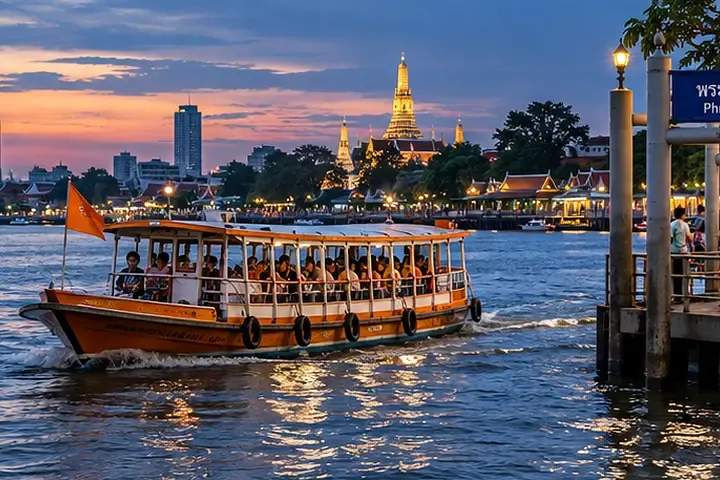 Chao Phraya river boat in Bangkok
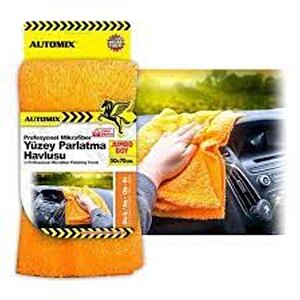 Oto Ev Pürüzsüz Mikrofiber Yüzey Parlatma Bezi 50x50
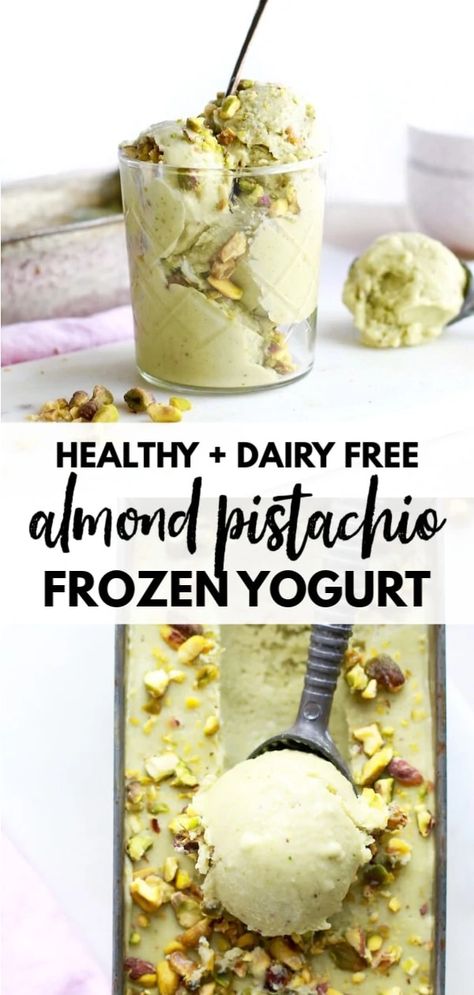 Frozen Yogurt Recipe Healthy, Vegan Frozen Yogurt, Healthy Frozen Yogurt, Frozen Yogurt Recipe, Homemade Frozen Yogurt, Ice Cream Alternative, Frozen Yogurt Recipes, Healthy Ice Cream Recipes, Frozen Yogurt Shop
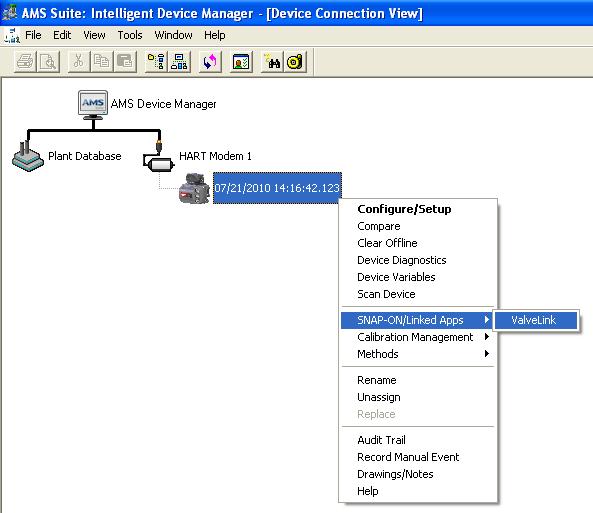 Installation Guide Step 4: Right click the instrument icon as shown in figure 4 2 and select SNAP ON/Linked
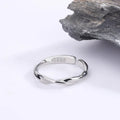 925 Sterling Silver Twisted Wire Ring for Women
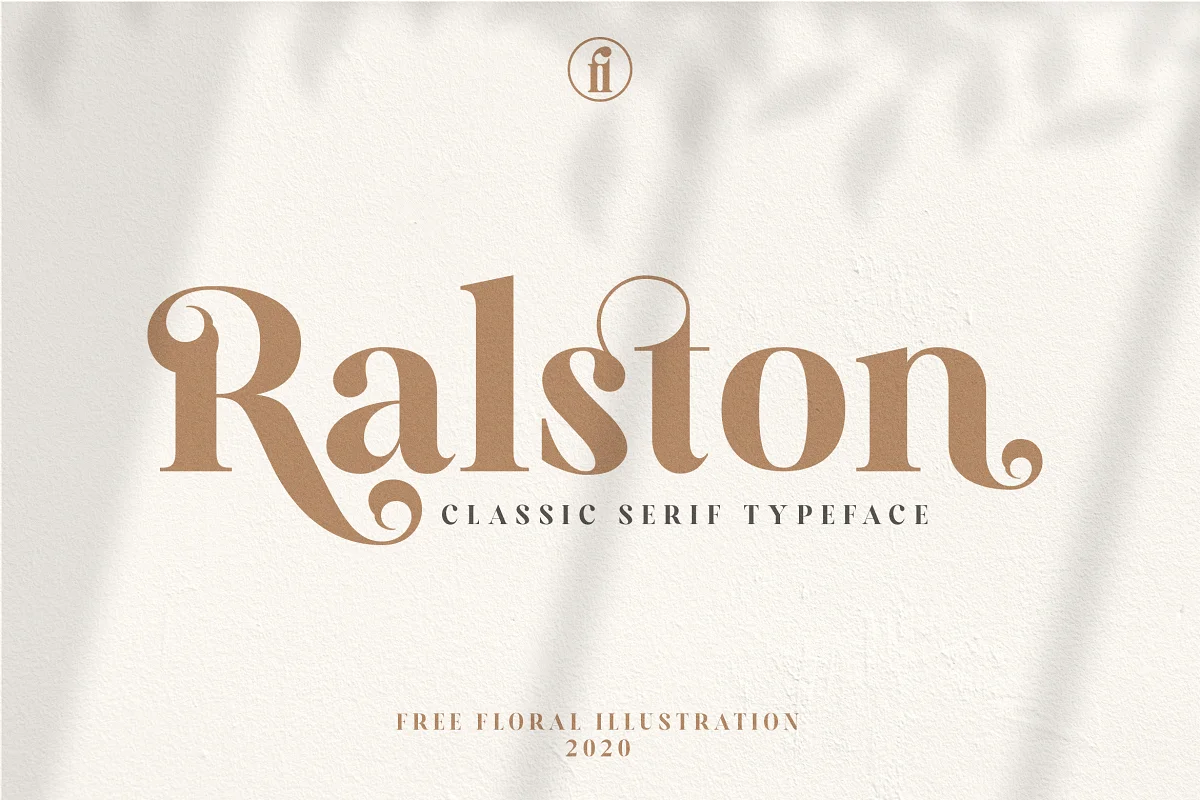 Ralston Classy Serif Typeface Font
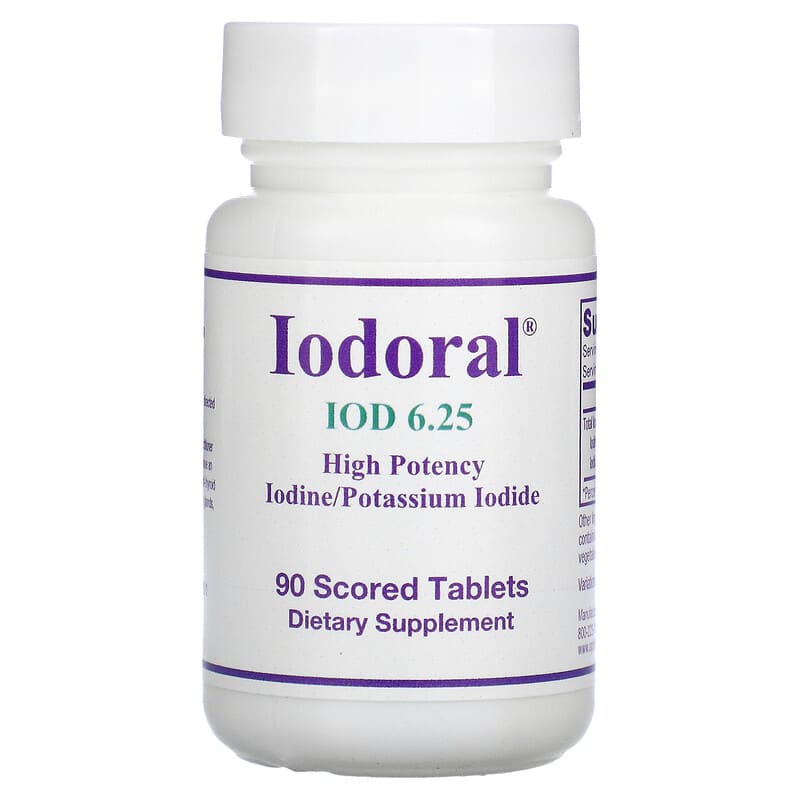 Optimox Corporation Iodoral IOD 6.25 mg 90 Scored Tablets 8 Thực phẩm chức năng Optimox Corporation Iodoral IOD 6.25 mg 90 Scored Tablets 350520015054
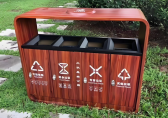 轉木紋金屬垃圾桶打造環保與美學兼具的智慧解決方案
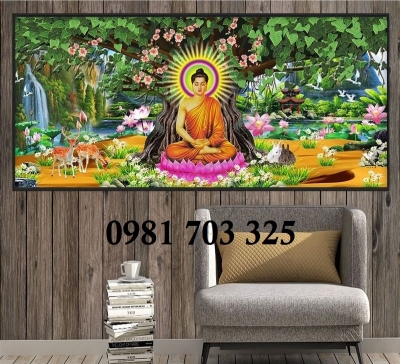 Tranh Phật ốp phòng thờ, gạch men 3D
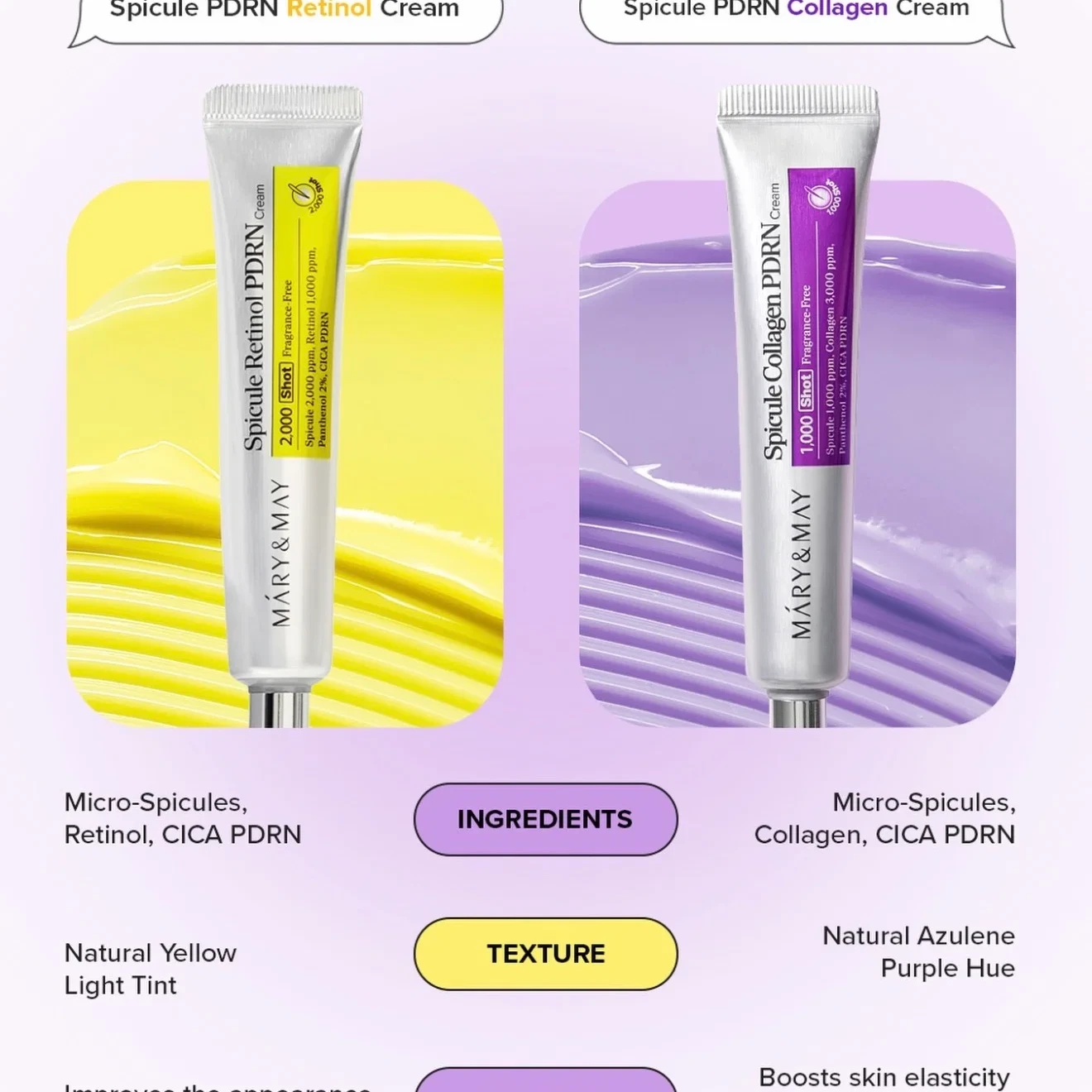 MARY & MAY Spicule Collagen PDRN Cream - 15g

══════

Exercise details: Emit an exact copy of the lines from the line bearing "Frozen Yogurt Recipe Healthy, Vegan" through the last line above, inclusive, and leave the images out.

Solution:
 Frozen Yogurt Recipe Healthy, Vegan Frozen Yogurt, Healthy Frozen Yogurt, Frozen Yogurt Recipe, Homemade Frozen Yogurt, Ice Cream Alternative, Frozen Yogurt Recipes, Healthy Ice Cream Recipes, Frozen Yogurt Shop
 Installation Guide Step 4: Right click the instrument icon as shown in figure 4 2 and select SNAP ON/Linked
 925 Sterling Silver Twisted Wire Ring for Women
 Ralston Classy Serif Typeface Font
 Optimox Corporation Iodoral IOD 6.25 mg 90 Scored Tablets 8 Thực phẩm chức năng Optimox Corporation Iodoral IOD 6.25 mg 90 Scored Tablets 350520015054
 轉木紋金屬垃圾桶打造環保與美學兼具的智慧解決方案
 Tranh Phật ốp phòng thờ, gạch men 3D
 MARY & MAY Spicule Collagen PDRN Cream - 15g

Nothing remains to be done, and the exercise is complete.